Acute exacerbations of COPD associated with risk for acute cardiovascular event

The results highlight how an acute exacerbation of chronic obstructive pulmonary disease (COPD) may be an opportunity to implement cardiovascular prevention measures in high-risk patients, the authors said.


Patients who experience an acute exacerbation of chronic obstructive pulmonary disease (COPD) may be at increased risk for a subsequent cardiovascular event, according to a new study.

Researchers performed a case-series analysis of data from patients in three U.S. states from 2005 through 2011 who were at least 40 years of age and had an acute COPD exacerbation. The goal of the study was to determine whether an acute exacerbation was associated with acute cardiovascular event incidence at 30 days and one year. The primary outcome measure was a composite of an ED visit or nonelective hospitalization for an acute cardiovascular event (acute myocardial infarction, heart failure, atrial fibrillation, pulmonary embolism, and stroke). Incidence rate ratios (IRRs) were estimated for acute cardiovascular event incidence in the 30-day period before the index exacerbation and the 30 days afterward, as well as for the one-year period after the index exacerbation versus the one-year period before it. Study results were published online June 8 by the Journal of General Internal Medicine.

The study included 362,867 patients who had an ED visit or hospitalization for an acute COPD exacerbation. Median age was 70 years, 57% of patients were women, and 71% were of non-Hispanic white ethnicity. The incidence of acute cardiovascular events was significantly higher in the 30 days postexacerbation versus the 30-day reference period (IRR, 1.34; P<0.001) and in the year postexacerbation versus the one-year reference period (IRR, 1.20; P<0.001). This association between an acute COPD exacerbation and an acute cardiovascular event persisted for each cardiovascular condition separately (P<0.05 for all).

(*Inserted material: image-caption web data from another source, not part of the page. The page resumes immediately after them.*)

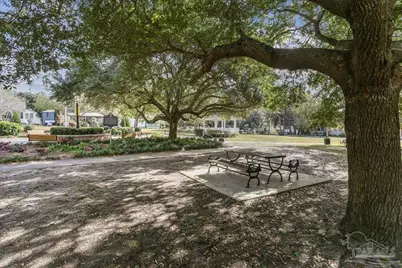 1011 N Reus St, Pensacola, FL 32501 - Photo 7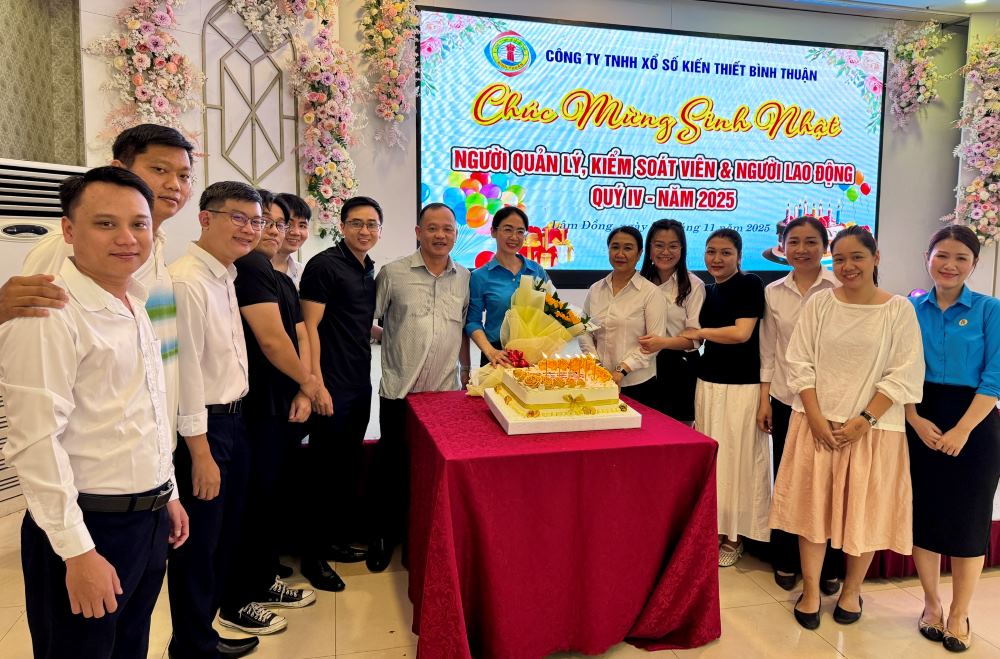 Cong doan co so Cong ty TNHH Xo so kien thiet Binh Thuan to chuc tang qua sinh nhat cho doan vien, nguoi lao dong theo quy. Anh: Duy Tuan 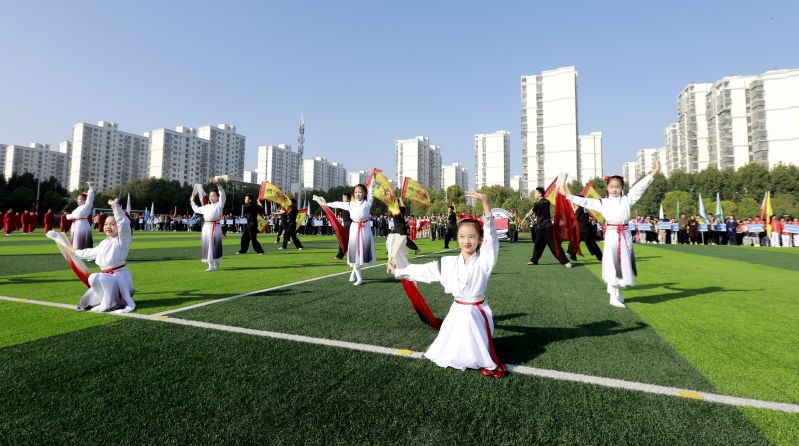 ���Ӆ^(q��)��ʮ�Ō���С�W(xu��)���ߵ�ʮ�ߌý�����\(y��n)��(d��ng)��(hu��)ʢ���_(k��i)Ļ
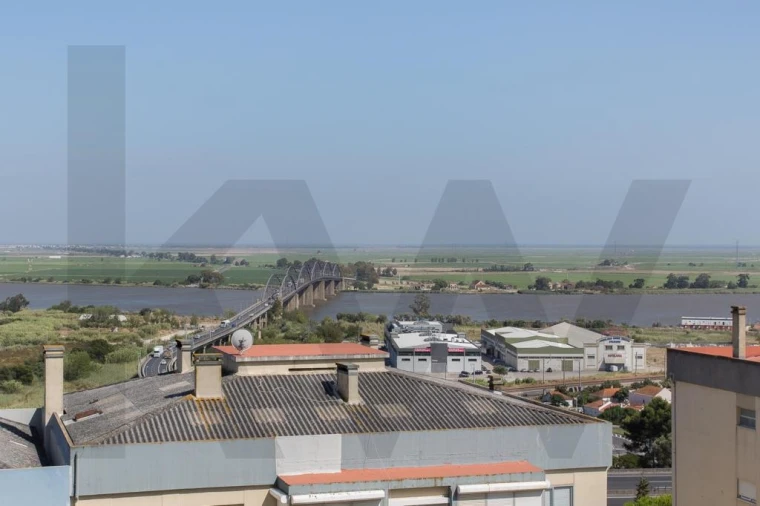 Apartamento T2 para Arrendamento em Vila Franca de Xira Foto 13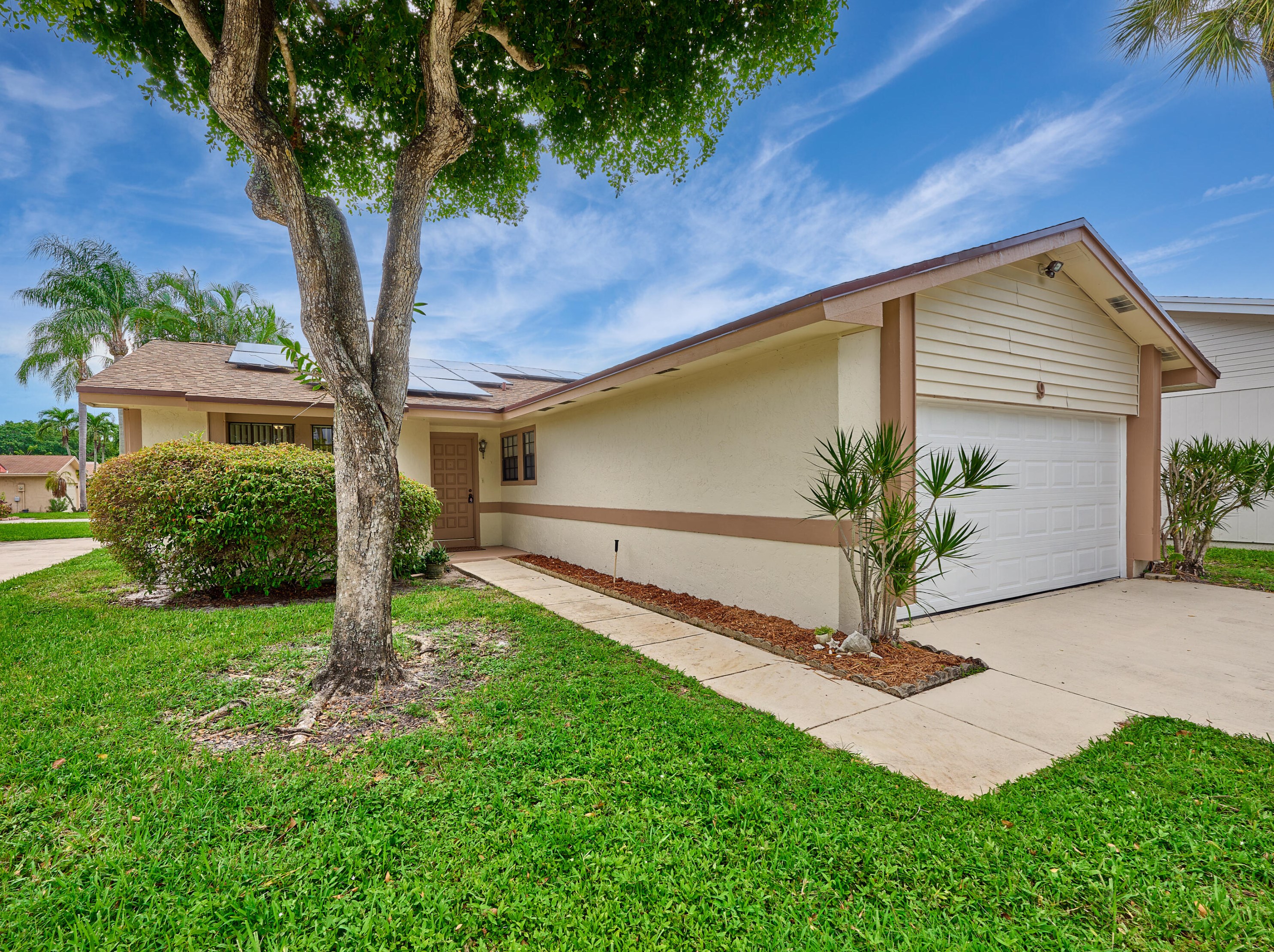 9 Cambridge Pl, Boynton Beach, FL 33426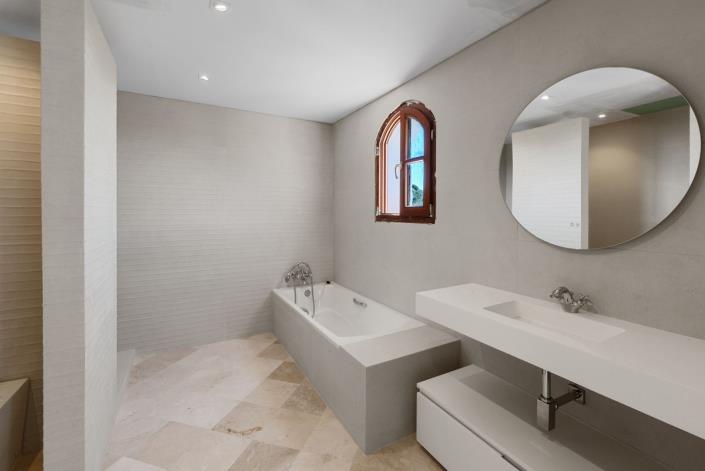 Image No.25-4 Bed Townhouse for sale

The researchers noted that administrative data could have misclassified some hospitalizations and that the databases used did not include information on clinical variables such as chronic COPD severity, among other limitations. However, they concluded that an association exists between acute COPD exacerbation and increased incidence of a subsequent acute cardiovascular event at 30 days and one year.

“Our findings should encourage researchers to elucidate the mechanisms linking [acute exacerbation of COPD] to the development of cardiovascular events,” the authors wrote. “For clinicians, our data support an importance of [acute exacerbation of COPD] as an opportunity to implement cardiovascular prevention measures in this high-risk population.”